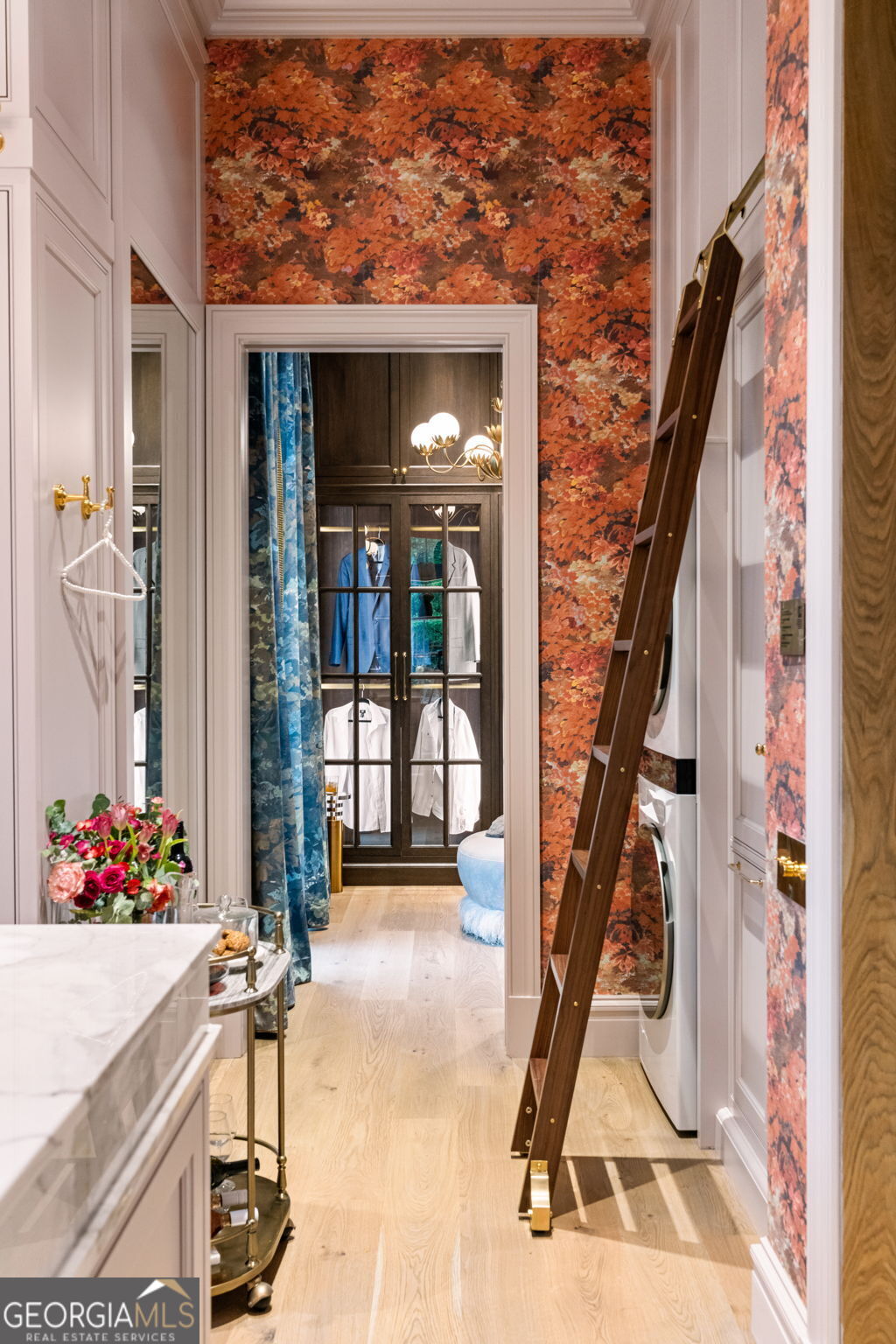 Tuxedo Park - Residential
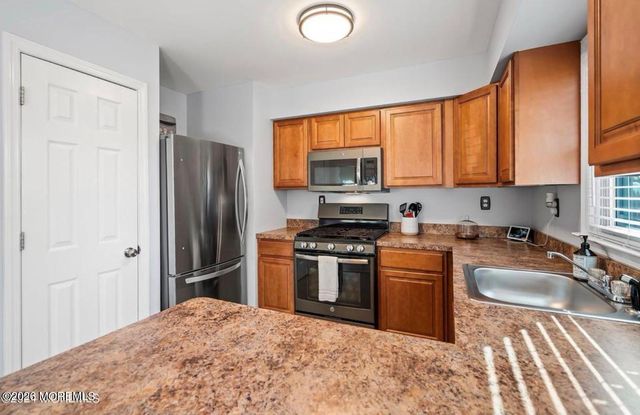 209 Sinclair Avenue, Lanoka Harbor, NJ 08734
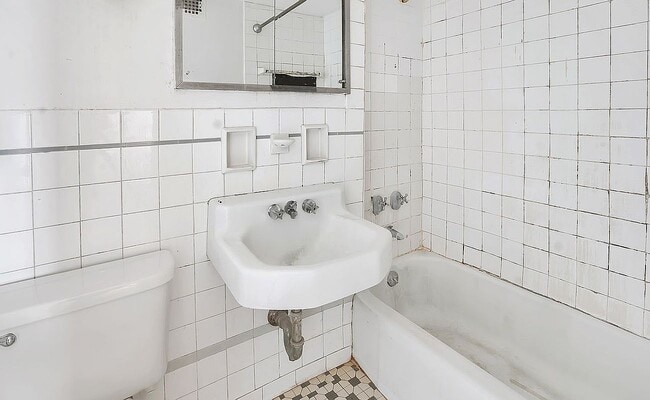 Photo - 61-45 98th St Unit 14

EXERCISE
Each line from the line containing "209 Sinclair Avenue, Lanoka Harbor, NJ 08734" through the final line of the data above must be retyped exactly; nothing else, and no pictures, may appear.

EXERCISE ANSWER
 209 Sinclair Avenue, Lanoka Harbor, NJ 08734
 Photo - 61-45 98th St Unit 14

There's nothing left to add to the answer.